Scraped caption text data
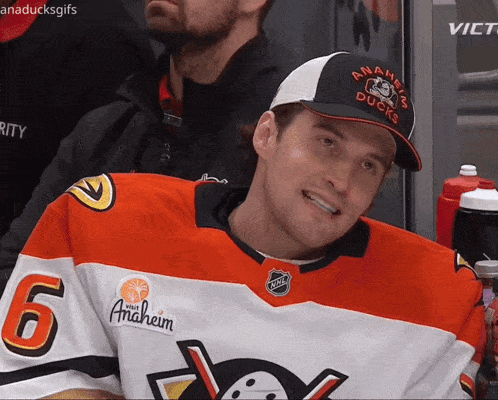 a man wearing a hat that says anaheim ducks is smiling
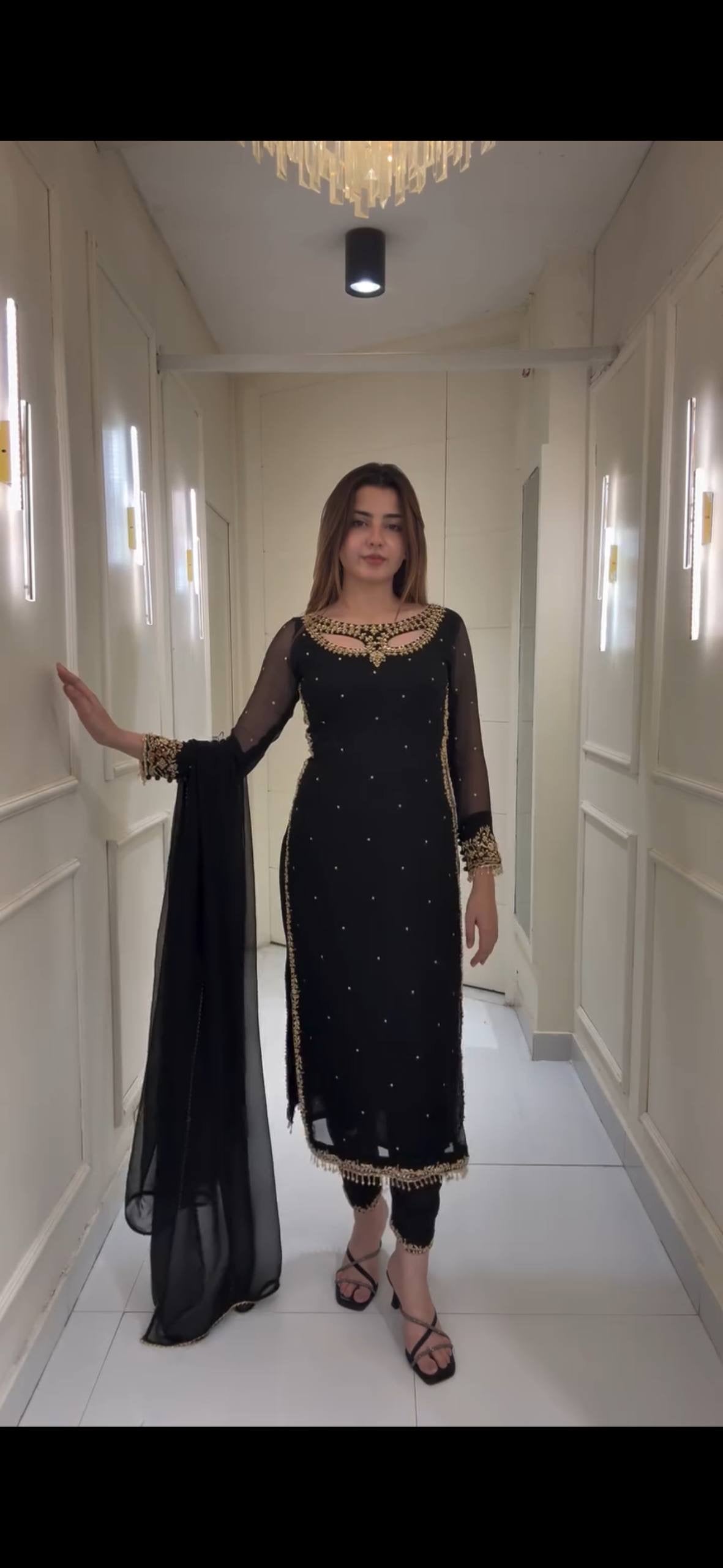 Woman in a black traditional outfit standing in a well-lit hallway.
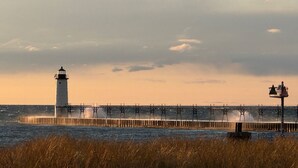 Een vuurtoren en steiger die zich uitstrekken in de zee, met golven die ertegen slaan.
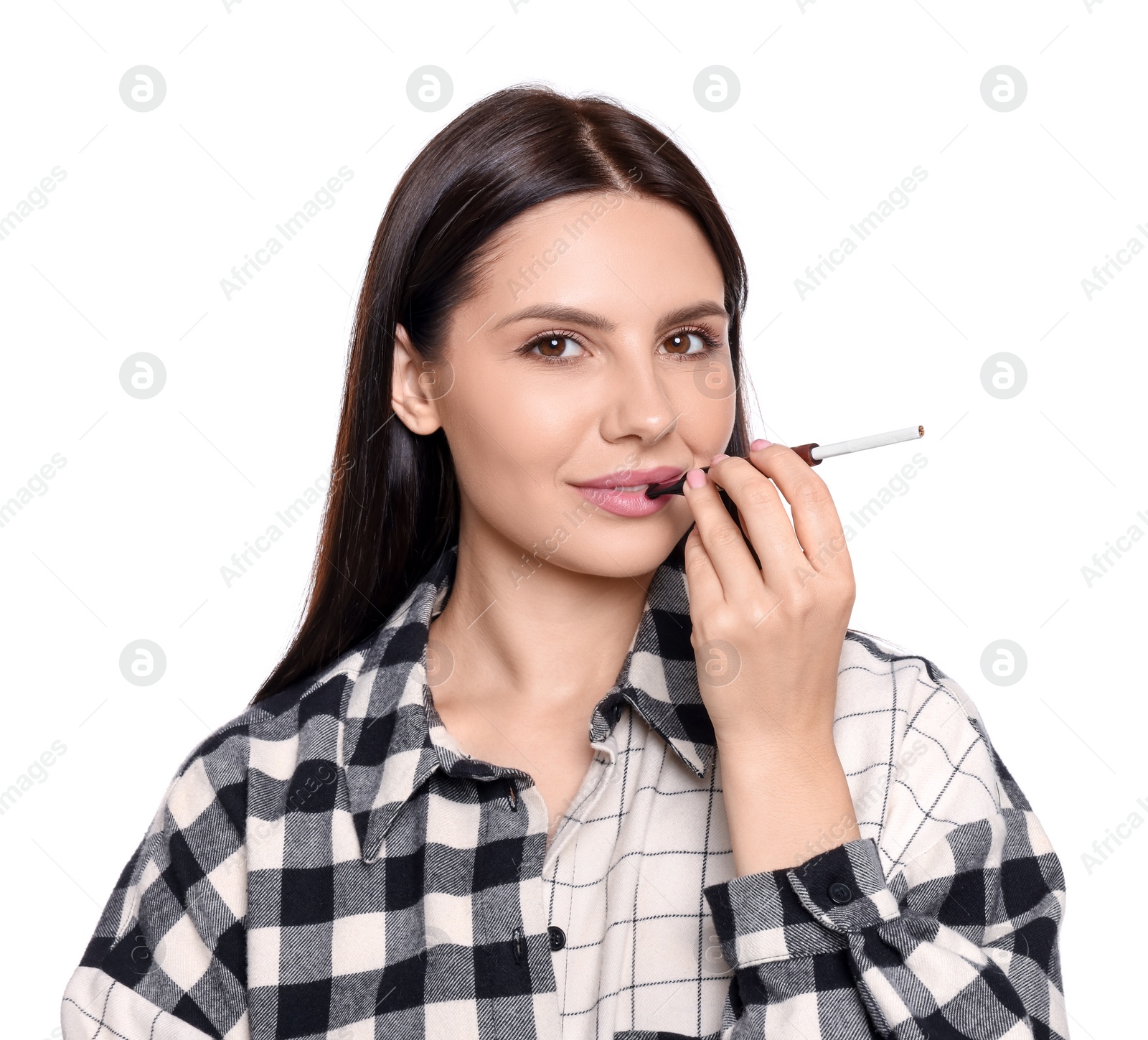 Photo of Woman using cigarette holder for smoking isolated on white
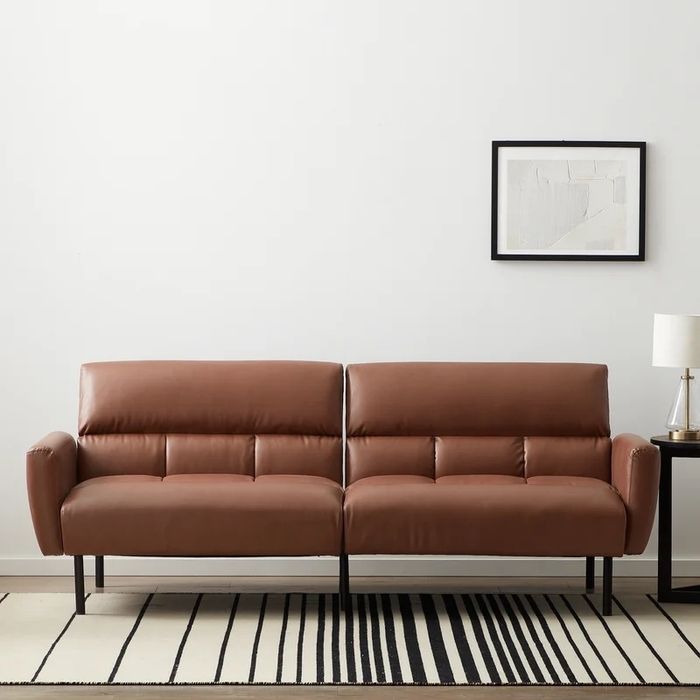 A modern brown sofa with a minimalist design is placed in a living room featuring framed abstract art, a lamp, and a striped rug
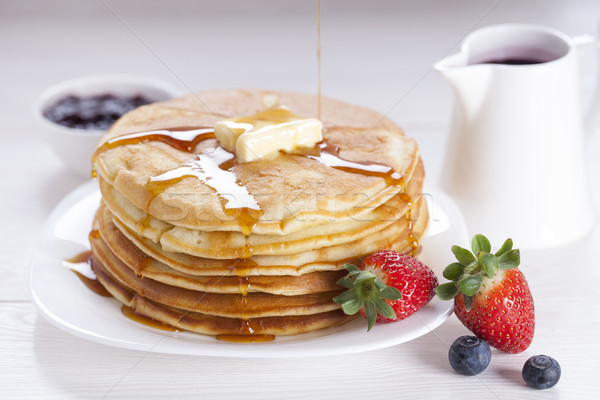 Stock photo: Delicious sweet American pancakes on a plate with fresh fruits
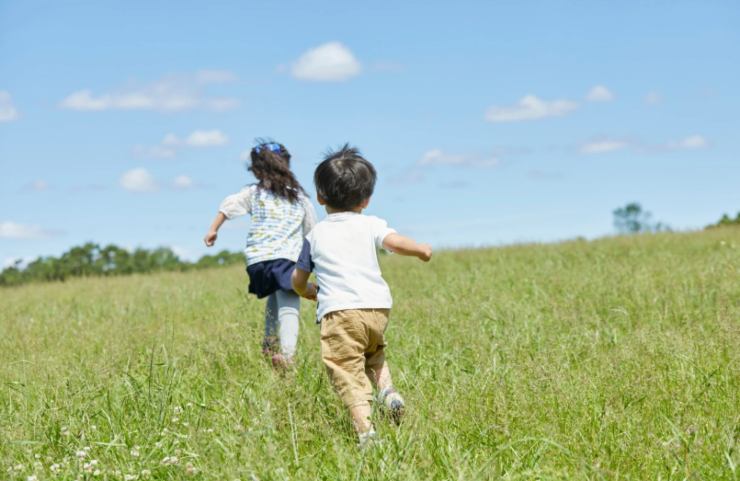 due bambini che corrono su un prato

> [Directions for this task]: Repeat nothing but the lines from the one containing "Woman in a black" through the end of the entries, exactly, and skip the pictures.

> [Answer space]:
 Woman in a black traditional outfit standing in a well-lit hallway.
 Een vuurtoren en steiger die zich uitstrekken in de zee, met golven die ertegen slaan.
 Photo of Woman using cigarette holder for smoking isolated on white
 A modern brown sofa with a minimalist design is placed in a living room featuring framed abstract art, a lamp, and a striped rug
 Stock photo: Delicious sweet American pancakes on a plate with fresh fruits
 due bambini che corrono su un prato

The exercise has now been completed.